Escuchamos este discurso del c. 10, por tanto, como esa enseñanza de Jesús, el Maestro y el Señor, que nos conduce por los caminos de la vida. Una enseñanza que contiene todo lo que el discípulo necesita saber para vivir. Vamos, pues, a escucharle.

Le escuchamos cuando nos dice que no vayamos a… que vayamos a… Seguro, si has empezado a ser discípulo, que has experimentado el deseo de ir a otra parte que donde te decía Jesús. Ojalá hayas conocido también el acuerdo profundo, el descanso de quien reconoce esa voz de Jesús que nos habla en lo profundo, y la sigue. El descanso y la libertad que se experimentan cuando por fin te dejas conducir y te entregas a lo que se te ha confiado, y nada más.

Y mientras tanto, mientras vayamos allá adonde se nos ha encargado, de camino proclamad que el reinado de Dios está cerca. Esto supone que mientras caminas, sin detenerte, proclames. Que tu vida sea proclamación, que tus palabras, tus gestos y todo lo que reflejas, proclamen que el reino de Dios está cerca: cerca de ellos, porque está reinando en ti. Cerca de ellos, porque eres testigo de esperanza; cerca, muy cerca, porque deseas que a través de tu persona, Dios los visite. Esto, dice Jesús, lo harás mientras vas de camino, sin detenerte, dejando salir lo que hay en tu corazón, la buena noticia de Jesús.

¿Qué es lo que, como discípulo, tienes que hacer? Una obra de liberación, como ha hecho Jesús. Jesús ve el mundo oprimido, y quiere liberarlo: Sanad enfermos, resucitad muertos, limpiad leprosos, expulsad demonios. El deseo inmenso de liberación que ves en Jesús irá siendo el tuyo, por la relación con él, que te llevará a querer y a pedir esto mismo para tus hermanos, y se realizará del modo que decíamos en el texto anterior.

Dalo gratis. Dalo de balde (baldes y baldes de vida derramados sobre ti, viene a decir), y no te cuides de tenerlo todo atado, de estar seguro, de “por si…”. Más bien, despreocúpate de eso, que Dios se ocupa de que lo recibas, pues es justo que así sea. Vives despreocupadamente, centrado solo en dar lo que has recibido, que es la vida que llena. Y sabes que eso tiene su paga, que recibirás lo necesario, que es justo que sea así.

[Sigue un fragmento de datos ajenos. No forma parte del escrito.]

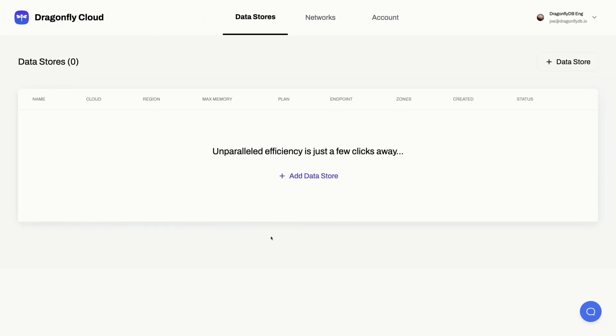Hey folks, it's Joe here. I have something very exciting that I want to share with you today. This is the Dragonfly Cloud Console — as you can see here, it says 'unparalleled efficiency in just a few clicks.'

Centradas, decíamos, en dar lo que hemos recibido: viviendo como quien lo ha recibido todo (todo es vuestro, y vosotros de Cristo, y Cristo de Dios 1Cor 3, 23). Entonces, el modo de esta indicación de Jesús se refiere a pueblos y a casas. Ahora, a las diligencias que hemos de hacer en cada situación, seguros de que encontraremos algún lugar respetable en el que encontrarnos. Al llegar a ese lugar, le comunicaremos la paz de Dios, encontrándonos así en comunión; esa paz será bendición para esa casa siempre que los moradores la acojan. Si no la merece, volverá a vosotros vuestra paz: la vida real, de la que Jesús nos habla, está atravesada por la bendición de Dios. Una relación con los demás seres humanos que se sustenta en esto: en dar la paz que nos viene de la comunión con Dios, en sacudirnos hasta el polvo de los pies de los que no reciben la buena noticia que se nos ha quedado pegado, de manera que no se nos contagie nada de eso que estorba para el anuncio, para el camino. De lo demás, Dios se ocupa, como nos ha enseñado Jesús.

La vida del discípulo es una vida que se fundamenta en la relación con Jesús y se abre, desde él, a la vida. Una vida, en medio de lo que haces, conducida por el fuego de Jesús: sanar, liberar, anunciar el Reino con las palabras y con la vida, dejando atrás lo que no responde a este anuncio.